Classically, the tradition-modernity ideal-typical polarities were also applied to interpret the economic development and social transformation in various societies, including modernized ‘latecomers’ in the Sinic world of East Asia. These tradition-modernity ideal-typical polarities were elaborated as: undifferentiated homogeneity-differentiated heterogeneity (Spencer), Gemeinschaft-Gesellschaft (Tönnies), status-contract (Maine), mechanic solidarity-organic solidarity (Durkheim), sacred-secular (Becker), primary group-secondary group (Cooley), agrarian-industrial, and pattern variables (Parsons), etc.
According to Levy, a latecomer’s traditional social structures can be dissolved by a ‘universal social solvent’-exogenous modernization (Levy, 1972). When a latecomer encounters with carriers of modernization (no matter through trade, military conflict, economic assistance, missionary, or cultural and educational exchange, etc.) she would be challenged immediately by superior modern technology and science.
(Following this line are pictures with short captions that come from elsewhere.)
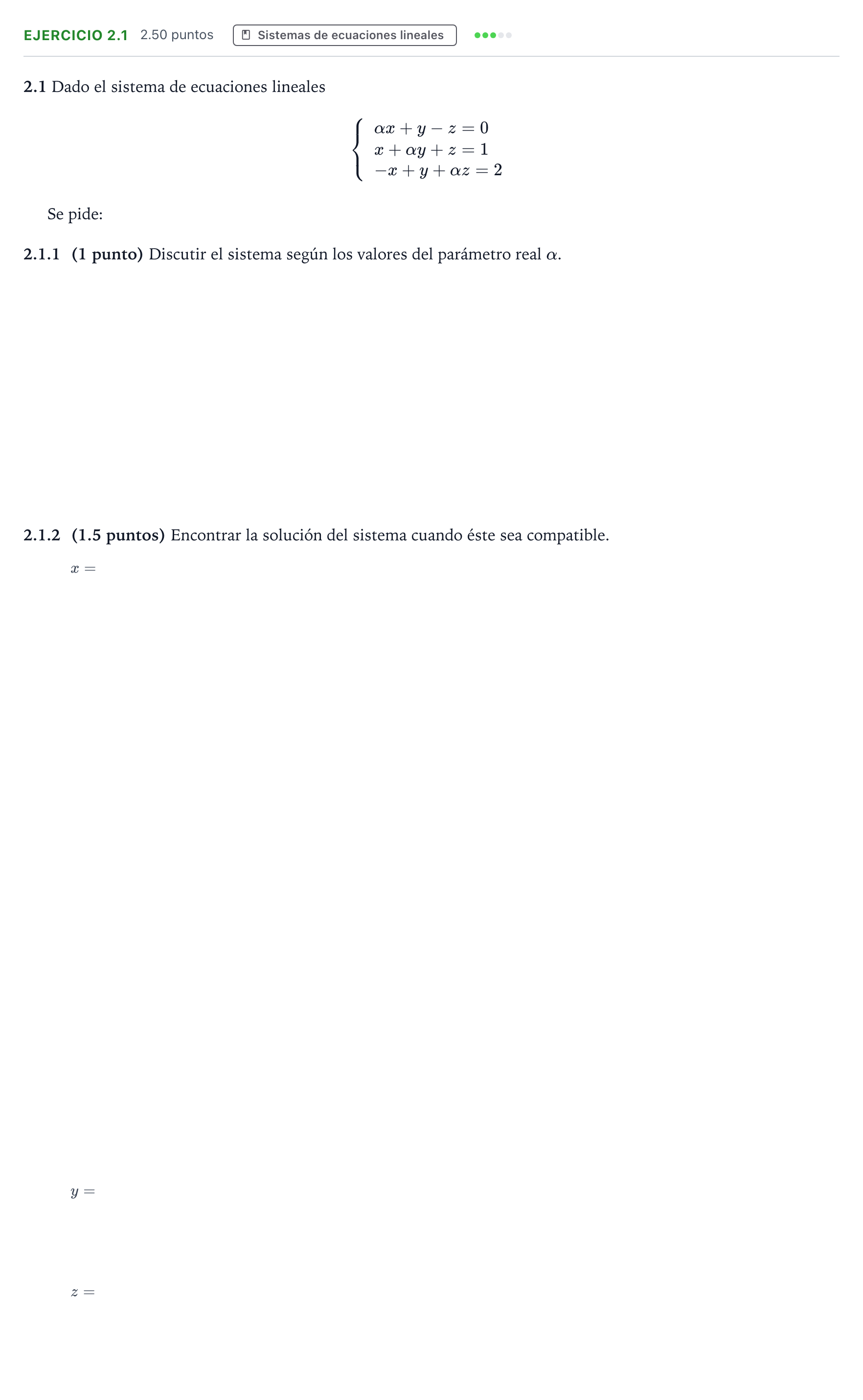 Enunciado: Ejercicio 2.1 - Sistemas de ecuaciones · Matemáticas II PAU Valencia Ordinaria solapamiento 2026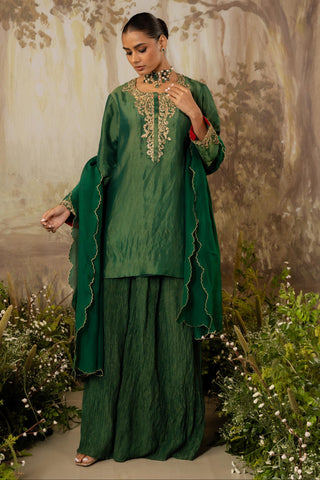 Sharara Set Indian Wedding Green Embroidered by Aashima Behl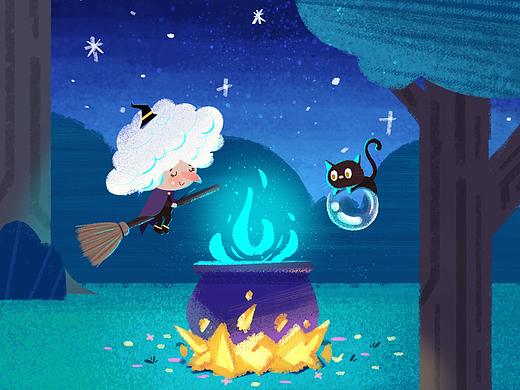 可爱女巫和小猫咪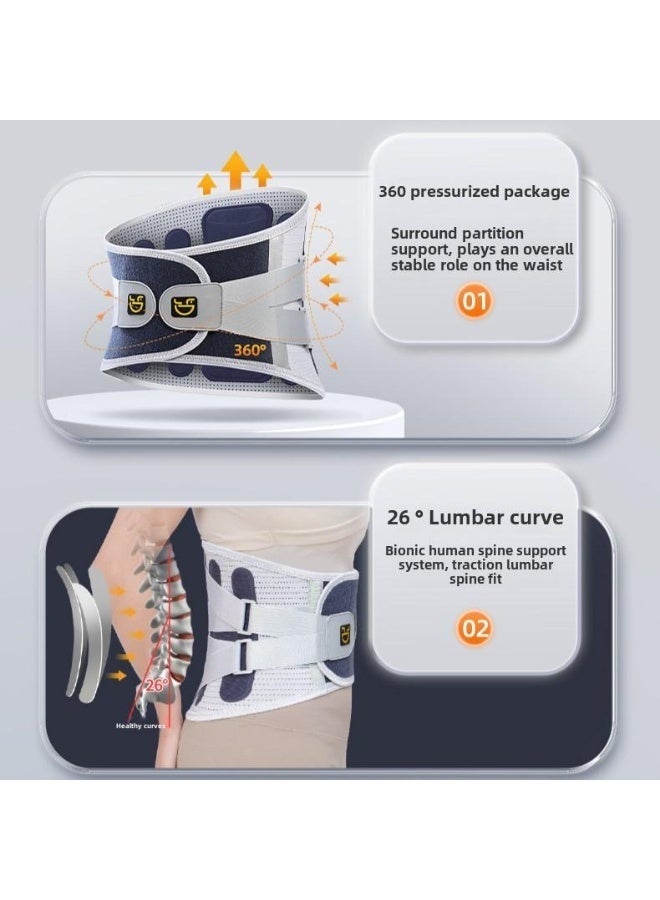 Spine Support Lower Back Belt – Unisex Lumbar Decompression Brace with 7 Bar Reinforcements, Breathable Waist Support for Pain Relief, Lifting, Work, and Sports-XXL - Image 5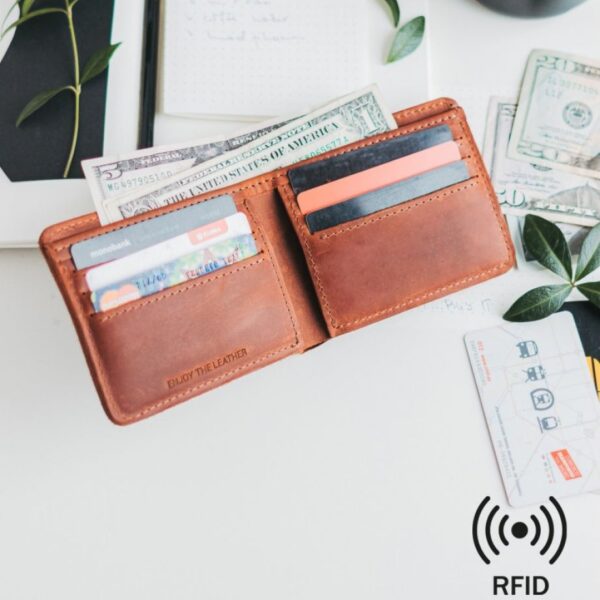 enjoythewoodestonia leather wallet with rfid protection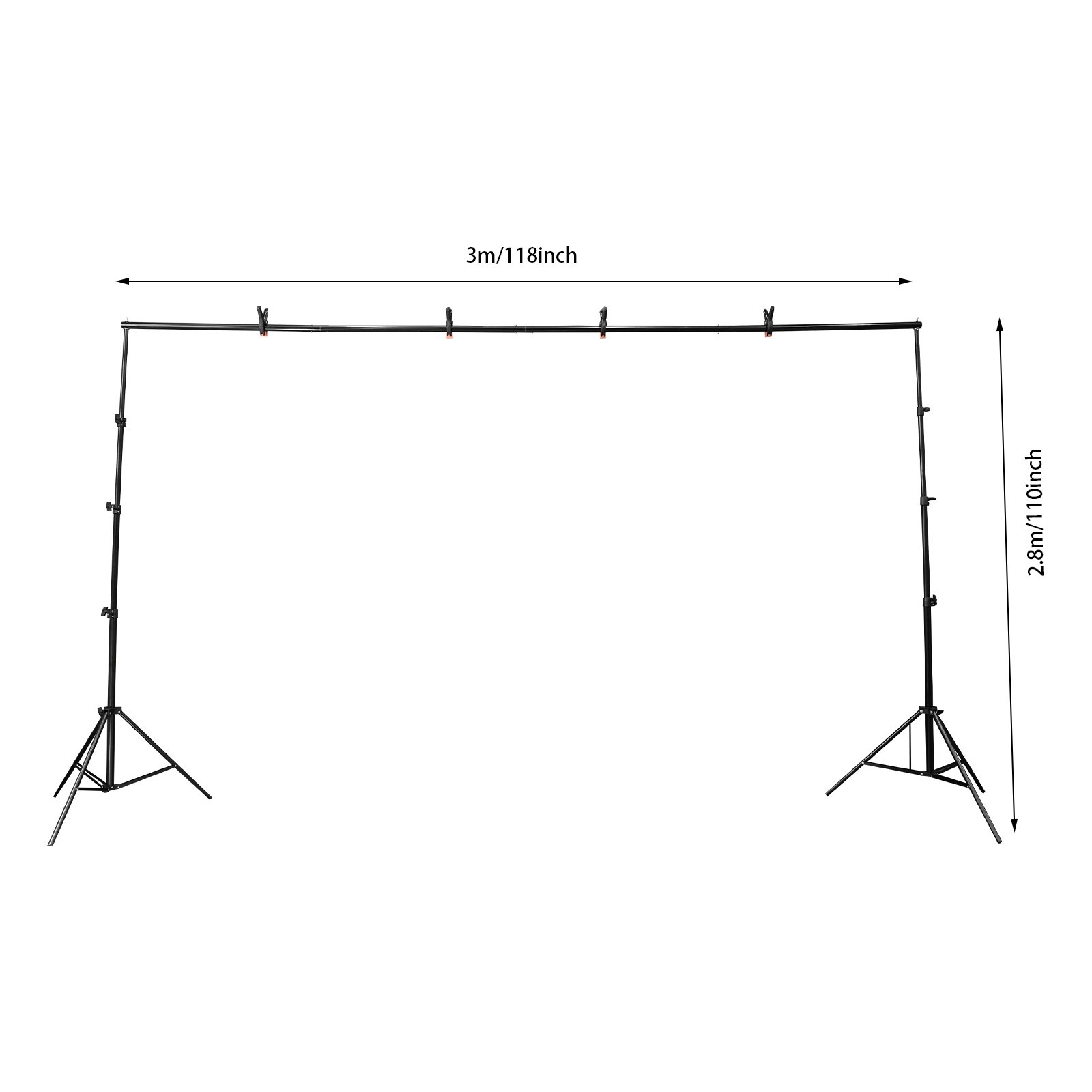 Backdrop Stand Photo Studio Adjustable Background Rack for Parties Photography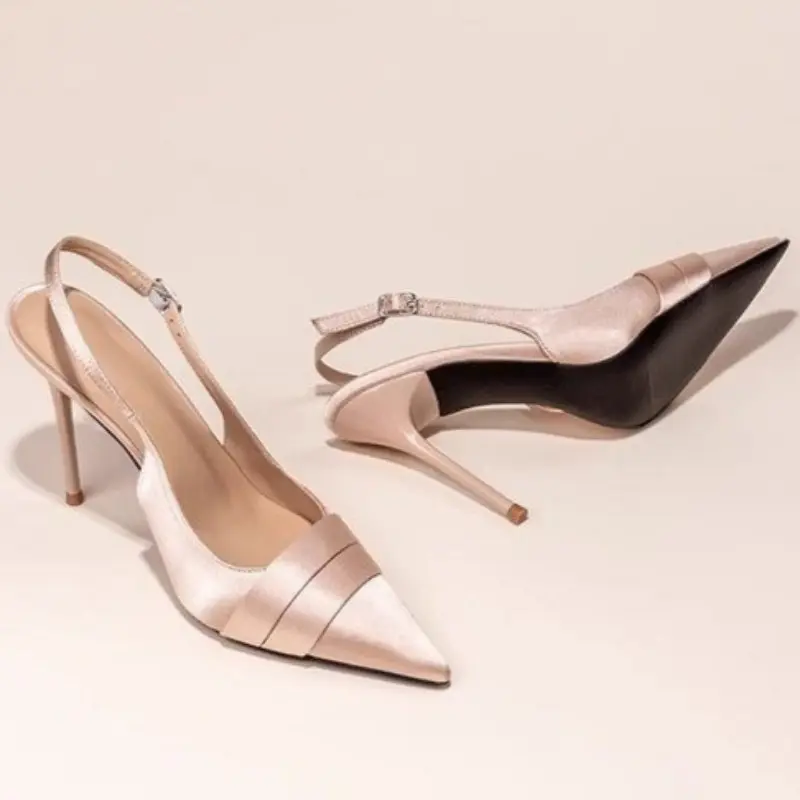 Spring New Baotou Sandals for Women Fashion Pointy Shallow Mouth Word with Anti-slip Wear-resistant Stiletto Heels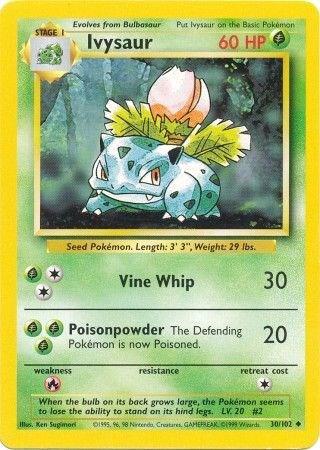 Ivysaur - Base Set Pokémon trading card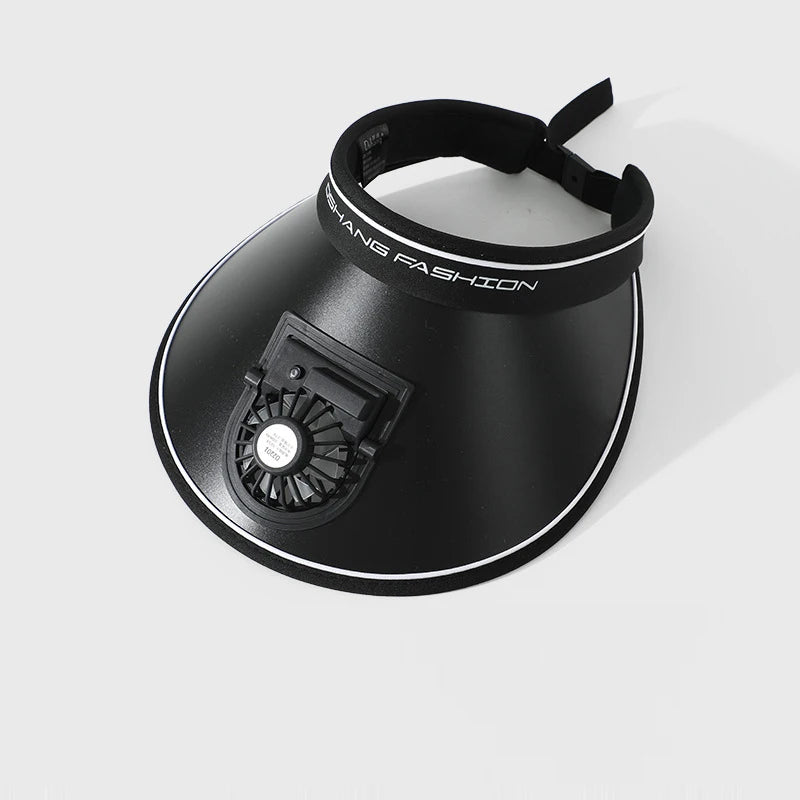 Wide Brim Fan Hat – 3-Speed Cooling Cap with Chin Strap Fan Brim Hat Axl black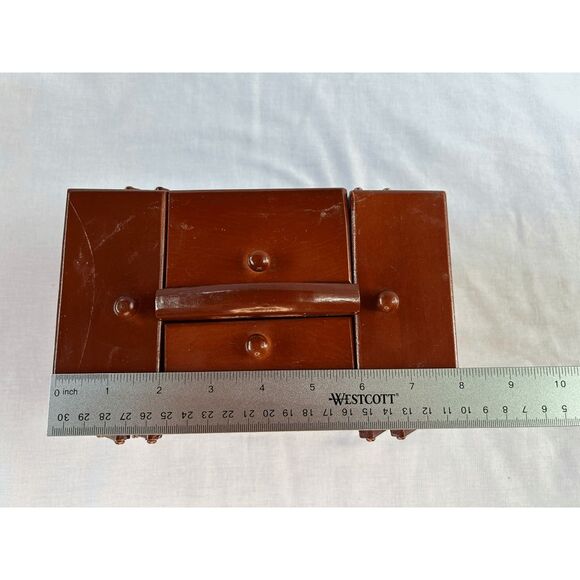 Vintage Wooden Singer Accordion Sewing/Notion Box, Small, Keepsake Organizer - Picture 11 of 16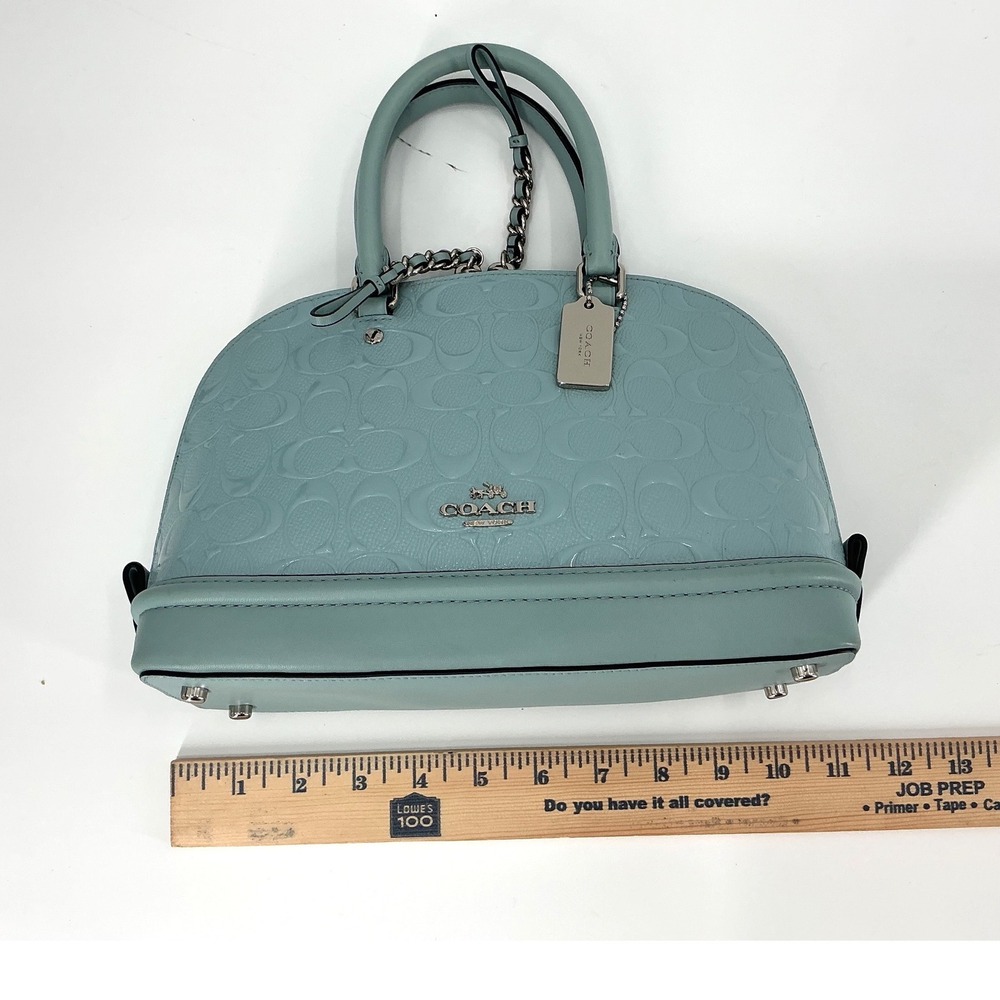 Coach Mini Sierra Satchel F58540 Patent‎ Leather Blue | Crossbody | Authentic - Picture 11 of 12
The resistance, acceptance, and introduction of modern technology and science would cause disintegration of a latecomer’s traditional society and culture, like what happened to China, and require further introductions of modern institution and legal system, modern market mechanism, and modern cultural value, etc. (especially European/American ones) to form a new functional integration of Parsons’ structural imperatives (economic, social, political, and cultural ones) of a latecomer’s society.
As Wittfogel and Eisenstadt pointed out, there only existed the cyclical and ‘secondary’ social change but never happened the permanent and ‘primary’ one in traditional China (Wittfogel, 1958; Eisenstadt, 1963). The Chinese economy merely expanded to an incredible size and would approach Mark Elvin’s ‘high-level equilibrium trap’ at the end of the nineteenth century if there were no exogenous impacts from the Western countries. Chinese modernization was an exogenous modernization, which brought about permanent instead of cyclical social change. China encountered with modernity in the form of various impingement of the West.
An exogenous modernization could be a ‘defensive modernization’ (C. Blake’s term), such as Chinese and Japanese modernization. The challenge of Western ‘strange technology’ manifested by British gunboats knocked the door of Chinese Empire in the 1840s and 1850s, and pushed what W. W. Rostow called the ‘reactive nationalism’. The response had developed through three stages. The first response was the Western Affairs Movement (yanwu yundong)/the Self-strengthening Movement (zichang yundong) of the technical level. The second response was Reform and the Chinese Republic, modernization of the institutional level. The third response was the New Culture Movement of the behavior/ideological level, which contributed to the introduction of the ideologies of liberalism and radicalism/socialism into China.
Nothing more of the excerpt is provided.